Americans Are Willing To Pay A Carbon Tax, But Trump Won’t Even Consider It

Alexander C. Kaufman

Amid the United States’ fraught debate over climate change, one policy solution stands out as uniquely popular. It has support from environmentalists, economists, Republicans and even Exxon Mobil Corp., the historic bankroller of the movement to seed doubt over global warming.

It’s the same approach taken to alcohol, tobacco, sugar and other things deemed too dangerous to leave unchecked but too widely used to ban ― namely, put a tax on carbon emissions.

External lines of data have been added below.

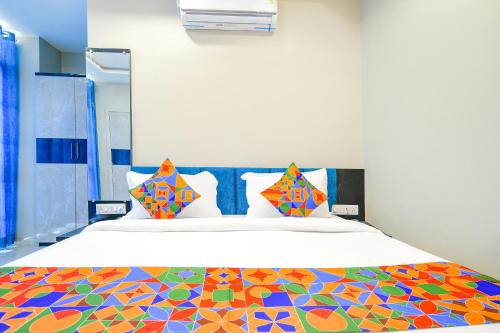 a bedroom with a bed with a colorful bedspread at FabHotel Lake View III in Indore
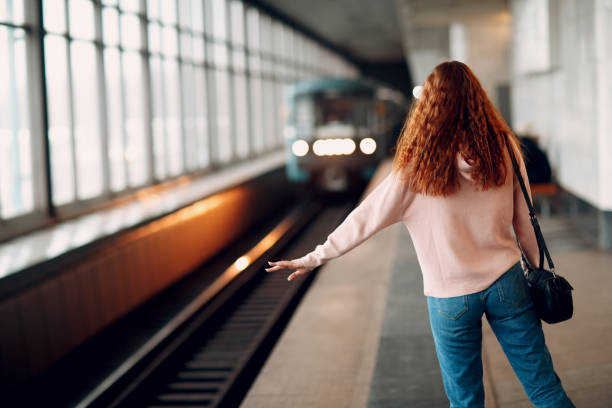 istock Positive redhead young female stops subway train 1127375390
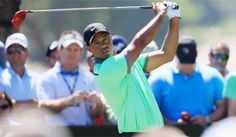 tiger woods hits his tee shot on the first hole at the players'championship golf tournament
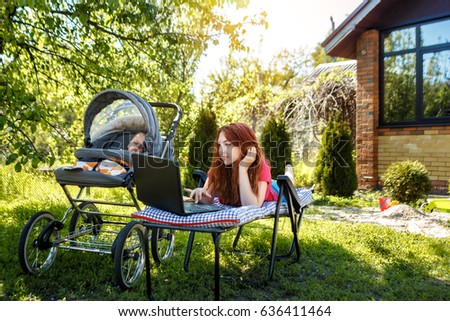 Young woman with her newborn baby lying on the grass in the park and enjoying sunny summer day. Mother with child outdoors. Motherhood.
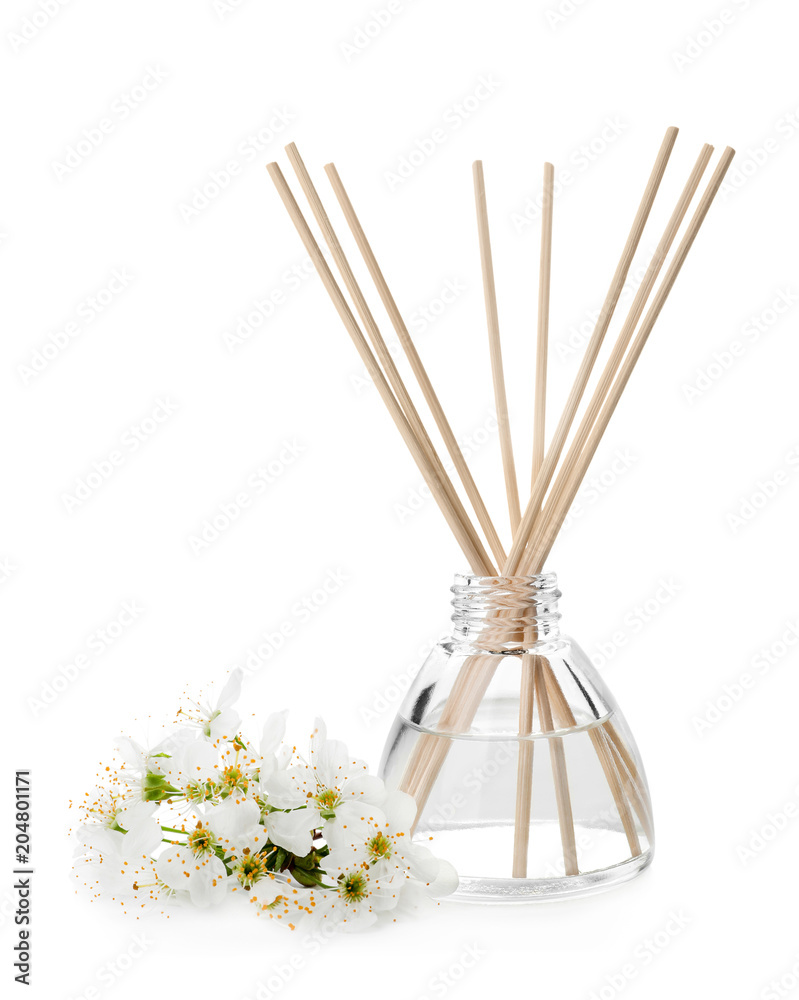 Aromatic reed freshener and flowers on white background Aromatic reed freshener and flowers on white background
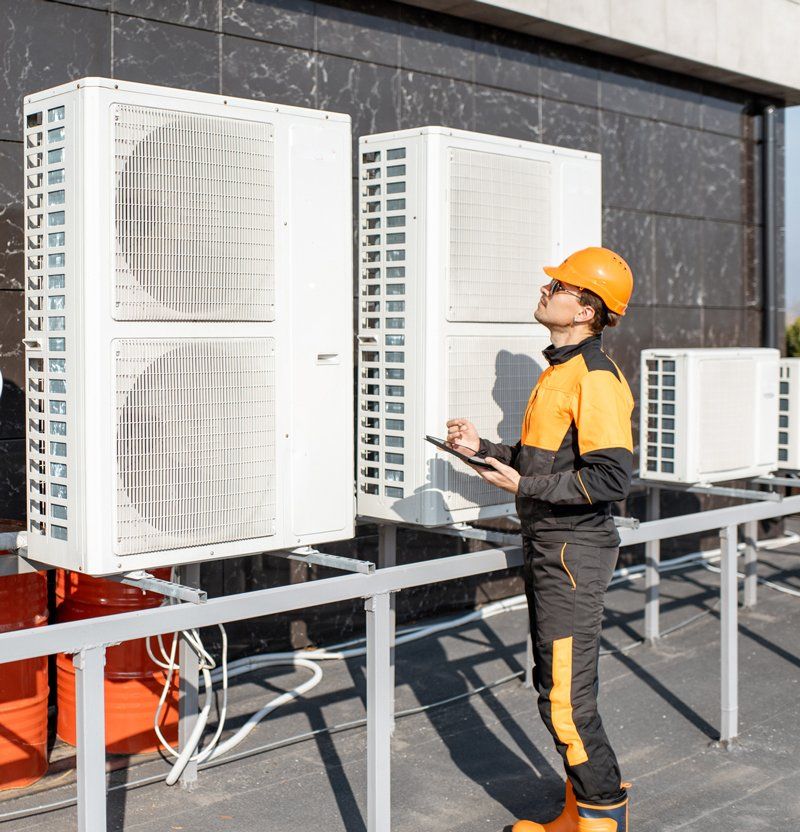 Technician Checking HVAC — Central Florida — A-Excellent Service Inc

Now, a new poll shows that a majority of registered voters support taxing fossil fuel to help reduce global warming. Even more strikingly, the average American is willing to pay nearly 15 percent more for energy each year to help support a carbon tax, according to a paper published Thursday in the journal Environmental Research Letters.

“Americans, they’re not in love with coal and natural gas, and they tend to think of them as very dirty and very polluting,” Anthony Leiserowitz, director of the Yale Program on Climate Change Communication and a co-author of the study, told HuffPost. “But they’re not naive. They don’t think ― and pardon the pun ― that it’s like flipping a light switch and we’re all on solar power.”

The survey participants ― a group of 1,226 American adults, ages 18 and older, surveyed last year between Nov. 18 and Dec. 1 ― were asked: “If a tax on fossil fuels (coal, oil, and natural gas) to help reduce global warming were to cost your household $X more each year in higher energy bills, would you support or oppose it?” Participants were then given a choice of different amounts of money.

The average American said they would be willing to spend $177 per year, which comes out to about 14.4 percent more on energy when compared to current electricity rates in each state, the researchers found. That alone would raise about $22.3 billion, not including a carbon tax added to other goods and services in the economy. 

The White House has repeatedly said it would not pursue a carbon tax as part of the broad tax overhaul proposed earlier this year. President Donald Trump has expressed skepticism that climate change is a serious problem. He has also claimed, without evidence, that the overwhelming majority of scientists who say greenhouse gases from burning fossil fuels and industrialized farming are to blame for climate change are, in fact, perpetuating a “hoax.” Trump’s administration has aggressively rolled back policies to curb emissions.

A chart from Yale University's Anthony Leiserowitz shows that nearly 80 percent of Americans would support using money generated from a carbon tax to fund clean energy, 77 percent would want to improve infrastructure and 72 percent think the money should go to helping displaced coal miners. (Yale University)

On Tuesday, Environmental Protection Agency Administrator Scott Pruitt proposed repealing the Clean Power Plan, a sweeping set of rules to limit emissions from power plants and incentivize investment in renewable energy. He billed the announcement as an end to the “war on coal” ― that is, environmental policies Republicans have long blamed for hurting the coal industry, even though coal’s decline has been primarily driven by competition with natural gas.  

But roughly 66 percent of registered voters support a revenue-neutral carbon tax. That includes 81 percent of Democrats, 60 percent of independents and 49 percent of Republicans. Among those GOP voters, 67 percent who identified as moderate Republicans backed the hypothetical proposal, but only 39 percent of conservative Republicans agreed.

The survey asked responders to select how they want the money generated from a carbon tax to be spent. The most popular choice from the list of 10 options was investing in solar and wind energy, for which nearly 80 percent indicated support. That was closely followed by more than 77 percent support for spending on infrastructure such as roads and bridges. In third place was 71.9 percent support for assisting workers in the coal industry who may lose their jobs as a result of the tax.